In identifying its operating segments, management generally follows the
Company's service lines which represent the main products and services
provided by the Company. The Directors believe that the Company's continuing
investment operations comprise one segment.
FINANCIAL ASSETS
The Company's financial assets comprise investments, cash and cash equivalents
and loans and receivables, and are recognised in the Company's statement of
financial position when the Company becomes a party to the contractual
provisions of the instrument.
FINANCIAL ASSETS INVESTMENTS
CLASSIFICATION OF FINANCIAL ASSETS
The Company holds financial assets including equities and debt securities. The
classification and measurement of financial assets at 31 December 2023 is in
accordance with IFRS 9.
On the initial recognition, the Company classifies financial assets as
measured at amortised cost or FVTPL. A financial asset is measured at
amortised cost if it meets both of the following conditions and is not
designated as at FVTPL:
· It is held within a business model whose objective is to hold
assets to collect contractual cash flows; and
· its contractual terms give rise on specific dates to cash flows
that are Solely Payments of Principal and Interest (SPPI).

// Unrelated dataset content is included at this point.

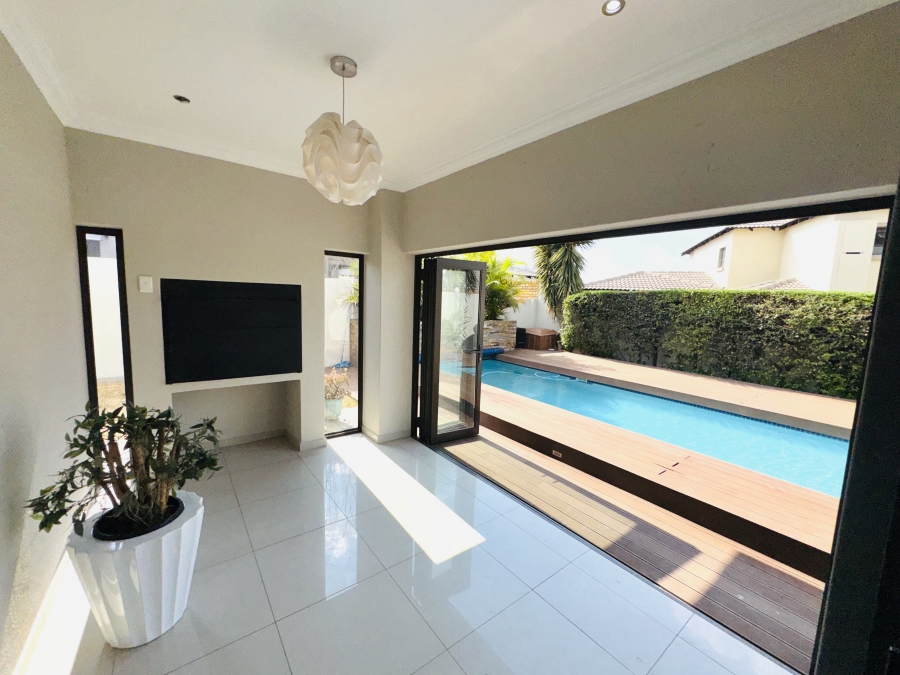 3 Bedroom Property for Sale in Rua Vista Gauteng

All other financial assets of the Company are measured at FVTPL.
BUSINESS MODEL ASSESSMENT
In making an assessment of the objective of the business model in which a
financial asset is held, the Company considers all of the relevant information
on how the business is managed, including:
· the documented investment strategy and the execution of this
strategy in practice. This includes whether the investment strategy focuses on
earning contractual interest income, maintaining a particular interest rate
profile, matching the duration of the financial assets to the duration of any
related liabilities or expected cash outflows or realised cash flows through
the sale of the assets;
· how the performance of the portfolio is evaluated and reported to
the Company's management;
· the risks that affect the performance of the business model (and
the financial assets held within that business model) and how those risks are
managed;
· how the investment advisor is compensated e.g. whether
compensation is based on the fair value of the assets managed or the
contractual cashflows collected
IFRS 9 subsection B4.1.1-B4.1.2 stipulates that the objective of the entity's
business model is not based on management's intentions with respect to an
individual instrument, but rather determined at a higher level of aggregation.

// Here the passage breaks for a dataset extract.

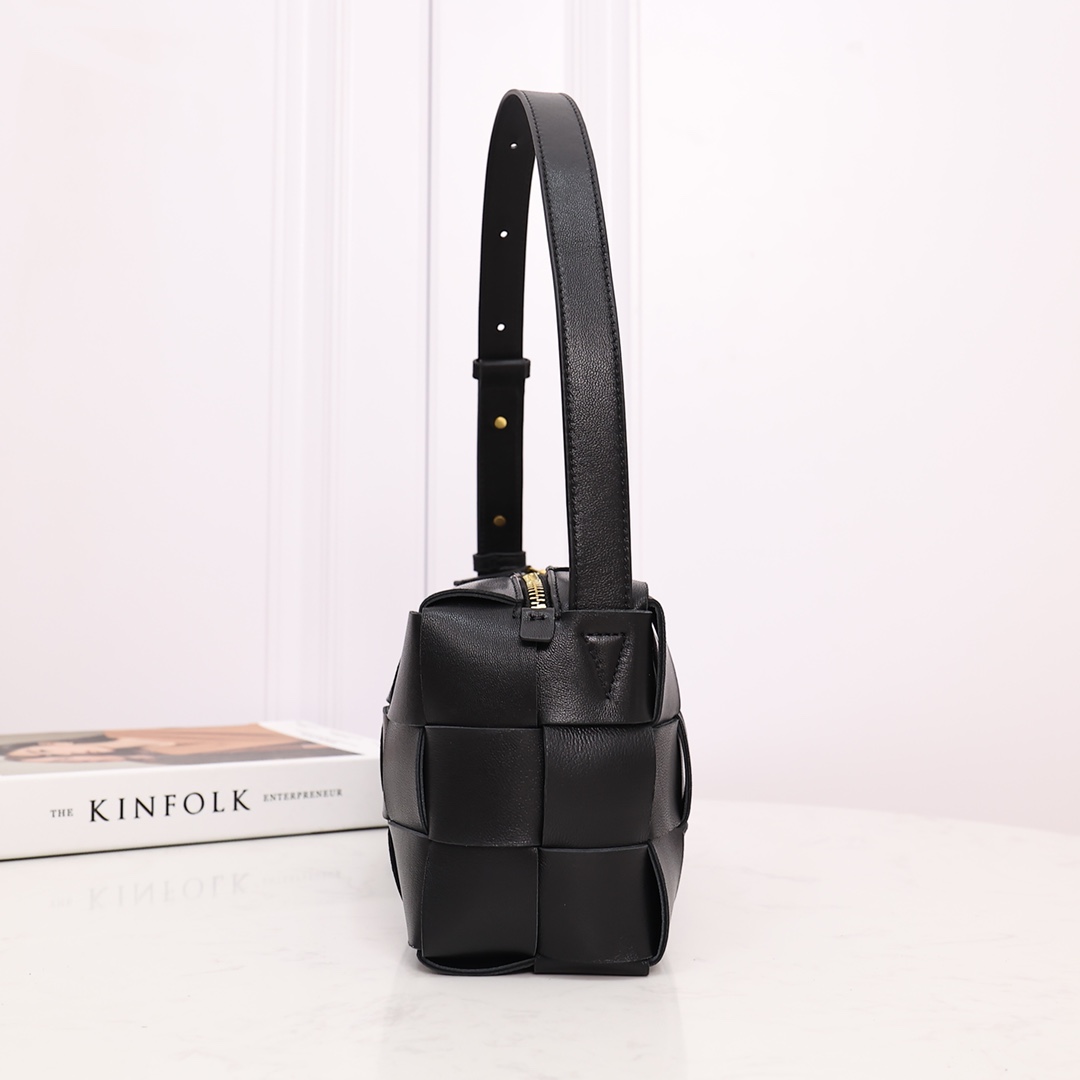 Bottega Veneta Brick Cassette - EUR FASHION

The assessment needs to reflect the way that an entity manages its business.
The company has determined that it has two business models.
· Held-to-collect business model: this includes cash and cash
equivalents, balances due from brokers and other receivables. These financial
assets are held to collect contractual cash flows.
· Other Business model: this includes structured finance products,
equity investments, investments in unlisted private equities and derivatives.
These financial assets are managed and their performance is evaluated, on a
fair value basis with frequent sales taking place in respect to equity
holdings.
VALUATION OF FINANCIAL ASSET INVESTMENTS
Investment transactions are accounted for on a trade date basis. Assets are
de-recognised at the trade date of the disposal. Assets are sold at their fair
value, which comprises the proceeds of sale less any transaction cost.
Financial asset investments are categorised as either Level 1, Level 2 or
Level 3 investments as set out in Note 15. The fair value of Level 1 financial
asset investments in the balance sheet is based on the quoted bid price at the
balance sheet date, with no deduction for any estimated future selling cost.
The valuation of Level 2 and Level 3 financial asset investments are set out
in note 15. Changes in the fair value of investments held at fair value
through profit or loss and gains and losses on disposal are recognised in the
consolidated statement of comprehensive income as "Net gains/(losses) on
investments". Investments are initially measured at fair value plus incidental
acquisition costs. Subsequently, they are measured at fair value. This is
either the bid price or the last traded price, depending on the convention of
the exchange on which the investment is quoted.
DERIVATIVE FINANCIAL INSTRUMENTS
Derivative financial instruments include forward currency contracts.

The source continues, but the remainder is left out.